━━ INPUT

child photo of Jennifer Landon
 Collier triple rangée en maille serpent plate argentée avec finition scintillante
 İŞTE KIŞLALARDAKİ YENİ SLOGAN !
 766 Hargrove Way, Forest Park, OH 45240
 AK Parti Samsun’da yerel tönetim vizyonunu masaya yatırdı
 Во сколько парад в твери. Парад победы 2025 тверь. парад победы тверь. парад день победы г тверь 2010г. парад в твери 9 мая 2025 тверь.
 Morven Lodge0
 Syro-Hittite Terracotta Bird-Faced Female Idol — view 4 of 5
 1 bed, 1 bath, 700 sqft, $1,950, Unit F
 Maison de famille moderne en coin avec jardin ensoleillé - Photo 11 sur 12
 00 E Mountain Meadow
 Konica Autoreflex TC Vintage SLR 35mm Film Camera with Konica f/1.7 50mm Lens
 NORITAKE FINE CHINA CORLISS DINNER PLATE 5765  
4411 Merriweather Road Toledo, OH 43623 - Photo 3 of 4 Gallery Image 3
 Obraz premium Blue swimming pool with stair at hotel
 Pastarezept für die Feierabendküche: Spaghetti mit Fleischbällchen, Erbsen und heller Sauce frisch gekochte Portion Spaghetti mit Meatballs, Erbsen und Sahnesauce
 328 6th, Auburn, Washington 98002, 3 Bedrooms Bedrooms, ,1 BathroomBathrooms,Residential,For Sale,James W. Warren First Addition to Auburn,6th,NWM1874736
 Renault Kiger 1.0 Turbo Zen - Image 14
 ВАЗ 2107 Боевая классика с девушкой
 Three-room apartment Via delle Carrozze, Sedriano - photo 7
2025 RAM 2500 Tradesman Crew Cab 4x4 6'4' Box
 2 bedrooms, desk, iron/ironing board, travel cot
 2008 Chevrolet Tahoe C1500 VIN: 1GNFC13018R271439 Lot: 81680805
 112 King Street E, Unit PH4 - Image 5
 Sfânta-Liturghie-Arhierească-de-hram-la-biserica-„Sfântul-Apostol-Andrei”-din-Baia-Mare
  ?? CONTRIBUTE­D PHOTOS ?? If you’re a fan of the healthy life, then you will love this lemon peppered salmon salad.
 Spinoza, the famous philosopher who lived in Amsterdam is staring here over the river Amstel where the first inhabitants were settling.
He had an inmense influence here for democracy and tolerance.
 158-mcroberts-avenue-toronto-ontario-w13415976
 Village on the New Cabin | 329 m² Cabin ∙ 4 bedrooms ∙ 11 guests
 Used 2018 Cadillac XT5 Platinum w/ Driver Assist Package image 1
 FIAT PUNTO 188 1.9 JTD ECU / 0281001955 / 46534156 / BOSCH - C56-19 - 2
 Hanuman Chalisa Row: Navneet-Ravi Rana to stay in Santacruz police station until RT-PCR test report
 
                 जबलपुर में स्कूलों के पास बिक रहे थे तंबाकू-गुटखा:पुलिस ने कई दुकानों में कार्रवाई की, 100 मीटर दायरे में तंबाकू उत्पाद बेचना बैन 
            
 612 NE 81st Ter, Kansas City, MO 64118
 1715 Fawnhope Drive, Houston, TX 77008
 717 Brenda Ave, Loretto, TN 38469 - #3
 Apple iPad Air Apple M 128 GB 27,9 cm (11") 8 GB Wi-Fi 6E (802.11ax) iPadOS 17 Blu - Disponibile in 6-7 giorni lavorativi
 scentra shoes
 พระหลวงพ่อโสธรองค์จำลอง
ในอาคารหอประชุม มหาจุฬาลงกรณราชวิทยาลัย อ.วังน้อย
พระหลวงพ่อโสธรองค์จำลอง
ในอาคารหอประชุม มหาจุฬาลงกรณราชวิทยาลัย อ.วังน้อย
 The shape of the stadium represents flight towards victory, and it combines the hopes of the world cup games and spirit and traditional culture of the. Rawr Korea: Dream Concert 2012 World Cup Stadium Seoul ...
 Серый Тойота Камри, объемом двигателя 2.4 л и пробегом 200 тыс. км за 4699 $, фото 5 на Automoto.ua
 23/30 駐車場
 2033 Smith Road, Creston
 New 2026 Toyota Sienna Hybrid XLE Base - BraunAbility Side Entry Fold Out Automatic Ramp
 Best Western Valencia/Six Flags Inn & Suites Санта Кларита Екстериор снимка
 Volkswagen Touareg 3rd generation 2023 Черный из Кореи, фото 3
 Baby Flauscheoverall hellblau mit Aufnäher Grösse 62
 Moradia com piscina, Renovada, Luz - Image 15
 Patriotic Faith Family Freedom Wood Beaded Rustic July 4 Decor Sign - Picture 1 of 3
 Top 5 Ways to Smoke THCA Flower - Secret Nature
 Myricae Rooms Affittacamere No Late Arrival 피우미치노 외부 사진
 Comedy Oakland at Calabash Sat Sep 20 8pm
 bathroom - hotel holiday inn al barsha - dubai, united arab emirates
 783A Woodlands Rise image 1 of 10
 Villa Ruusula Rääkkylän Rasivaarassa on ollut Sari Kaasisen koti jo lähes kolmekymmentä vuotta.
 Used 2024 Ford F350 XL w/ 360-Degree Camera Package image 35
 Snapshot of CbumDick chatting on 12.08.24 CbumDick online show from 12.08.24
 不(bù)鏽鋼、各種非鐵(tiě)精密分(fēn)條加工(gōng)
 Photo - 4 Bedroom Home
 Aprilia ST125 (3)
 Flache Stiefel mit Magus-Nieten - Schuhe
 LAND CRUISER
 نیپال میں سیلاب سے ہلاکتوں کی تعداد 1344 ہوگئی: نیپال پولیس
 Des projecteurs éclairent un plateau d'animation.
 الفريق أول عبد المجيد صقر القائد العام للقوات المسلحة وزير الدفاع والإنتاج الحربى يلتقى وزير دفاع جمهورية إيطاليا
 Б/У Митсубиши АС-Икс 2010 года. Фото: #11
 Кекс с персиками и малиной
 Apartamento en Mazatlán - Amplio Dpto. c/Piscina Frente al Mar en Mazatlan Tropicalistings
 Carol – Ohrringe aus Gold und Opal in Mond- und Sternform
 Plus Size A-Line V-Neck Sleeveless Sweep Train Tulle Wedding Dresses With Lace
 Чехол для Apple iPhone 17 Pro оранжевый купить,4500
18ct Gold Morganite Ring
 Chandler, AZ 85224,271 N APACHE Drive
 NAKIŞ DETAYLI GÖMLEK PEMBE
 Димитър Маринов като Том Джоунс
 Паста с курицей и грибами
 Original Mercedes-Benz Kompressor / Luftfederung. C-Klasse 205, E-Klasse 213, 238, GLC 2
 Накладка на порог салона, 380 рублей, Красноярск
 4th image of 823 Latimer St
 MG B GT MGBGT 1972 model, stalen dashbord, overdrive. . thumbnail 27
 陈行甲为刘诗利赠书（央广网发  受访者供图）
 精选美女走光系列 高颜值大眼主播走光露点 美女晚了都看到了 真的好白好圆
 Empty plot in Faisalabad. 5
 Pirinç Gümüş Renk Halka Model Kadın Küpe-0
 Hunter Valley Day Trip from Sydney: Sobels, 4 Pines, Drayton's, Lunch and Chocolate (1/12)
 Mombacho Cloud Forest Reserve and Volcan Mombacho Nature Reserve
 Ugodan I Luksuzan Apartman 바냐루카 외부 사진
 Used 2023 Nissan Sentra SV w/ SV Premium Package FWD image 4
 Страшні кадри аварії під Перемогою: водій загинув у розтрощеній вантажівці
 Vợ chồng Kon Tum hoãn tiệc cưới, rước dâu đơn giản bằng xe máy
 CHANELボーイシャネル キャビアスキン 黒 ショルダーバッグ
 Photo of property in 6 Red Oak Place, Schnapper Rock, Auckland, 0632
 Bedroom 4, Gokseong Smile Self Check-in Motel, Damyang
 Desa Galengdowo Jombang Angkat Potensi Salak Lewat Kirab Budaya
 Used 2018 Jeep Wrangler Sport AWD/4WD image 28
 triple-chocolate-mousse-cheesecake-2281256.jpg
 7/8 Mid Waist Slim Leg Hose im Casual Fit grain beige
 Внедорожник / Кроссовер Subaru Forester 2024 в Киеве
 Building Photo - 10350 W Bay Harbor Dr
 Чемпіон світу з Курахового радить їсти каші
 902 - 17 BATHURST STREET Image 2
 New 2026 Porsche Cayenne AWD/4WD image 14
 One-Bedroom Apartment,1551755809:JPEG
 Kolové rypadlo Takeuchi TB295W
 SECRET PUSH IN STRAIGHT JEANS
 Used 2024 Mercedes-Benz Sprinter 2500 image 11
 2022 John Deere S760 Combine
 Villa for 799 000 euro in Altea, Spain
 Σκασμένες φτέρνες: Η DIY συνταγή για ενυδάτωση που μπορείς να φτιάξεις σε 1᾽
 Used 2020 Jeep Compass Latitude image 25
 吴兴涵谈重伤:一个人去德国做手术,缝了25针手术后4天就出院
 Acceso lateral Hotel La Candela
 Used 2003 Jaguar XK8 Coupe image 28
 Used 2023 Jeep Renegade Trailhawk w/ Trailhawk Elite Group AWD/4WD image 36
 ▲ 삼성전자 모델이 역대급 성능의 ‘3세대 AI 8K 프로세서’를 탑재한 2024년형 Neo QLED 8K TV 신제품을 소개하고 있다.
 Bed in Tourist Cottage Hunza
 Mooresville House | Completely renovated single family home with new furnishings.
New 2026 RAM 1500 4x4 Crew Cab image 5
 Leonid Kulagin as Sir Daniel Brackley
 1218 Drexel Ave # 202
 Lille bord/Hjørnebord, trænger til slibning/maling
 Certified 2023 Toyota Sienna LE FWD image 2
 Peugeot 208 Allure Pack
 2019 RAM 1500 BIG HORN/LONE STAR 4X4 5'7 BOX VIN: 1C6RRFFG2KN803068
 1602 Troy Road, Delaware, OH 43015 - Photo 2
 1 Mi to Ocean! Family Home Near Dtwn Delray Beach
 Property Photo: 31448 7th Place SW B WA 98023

━━━━

YOUR OBJECTIVE -
Looking at the data above, write out exactly the lines that start at the one containing "18ct Gold Morganite Ring" and end at the one containing "7/8 Mid Waist"; include both and nothing beyond.

ANSWER BELOW -
18ct Gold Morganite Ring
 Chandler, AZ 85224,271 N APACHE Drive
 NAKIŞ DETAYLI GÖMLEK PEMBE
 Димитър Маринов като Том Джоунс
 Паста с курицей и грибами
 Original Mercedes-Benz Kompressor / Luftfederung. C-Klasse 205, E-Klasse 213, 238, GLC 2
 Накладка на порог салона, 380 рублей, Красноярск
 4th image of 823 Latimer St
 MG B GT MGBGT 1972 model, stalen dashbord, overdrive. . thumbnail 27
 陈行甲为刘诗利赠书（央广网发  受访者供图）
 精选美女走光系列 高颜值大眼主播走光露点 美女晚了都看到了 真的好白好圆
 Empty plot in Faisalabad. 5
 Pirinç Gümüş Renk Halka Model Kadın Küpe-0
 Hunter Valley Day Trip from Sydney: Sobels, 4 Pines, Drayton's, Lunch and Chocolate (1/12)
 Mombacho Cloud Forest Reserve and Volcan Mombacho Nature Reserve
 Ugodan I Luksuzan Apartman 바냐루카 외부 사진
 Used 2023 Nissan Sentra SV w/ SV Premium Package FWD image 4
 Страшні кадри аварії під Перемогою: водій загинув у розтрощеній вантажівці
 Vợ chồng Kon Tum hoãn tiệc cưới, rước dâu đơn giản bằng xe máy
 CHANELボーイシャネル キャビアスキン 黒 ショルダーバッグ
 Photo of property in 6 Red Oak Place, Schnapper Rock, Auckland, 0632
 Bedroom 4, Gokseong Smile Self Check-in Motel, Damyang
 Desa Galengdowo Jombang Angkat Potensi Salak Lewat Kirab Budaya
 Used 2018 Jeep Wrangler Sport AWD/4WD image 28
 triple-chocolate-mousse-cheesecake-2281256.jpg
 7/8 Mid Waist Slim Leg Hose im Casual Fit grain beige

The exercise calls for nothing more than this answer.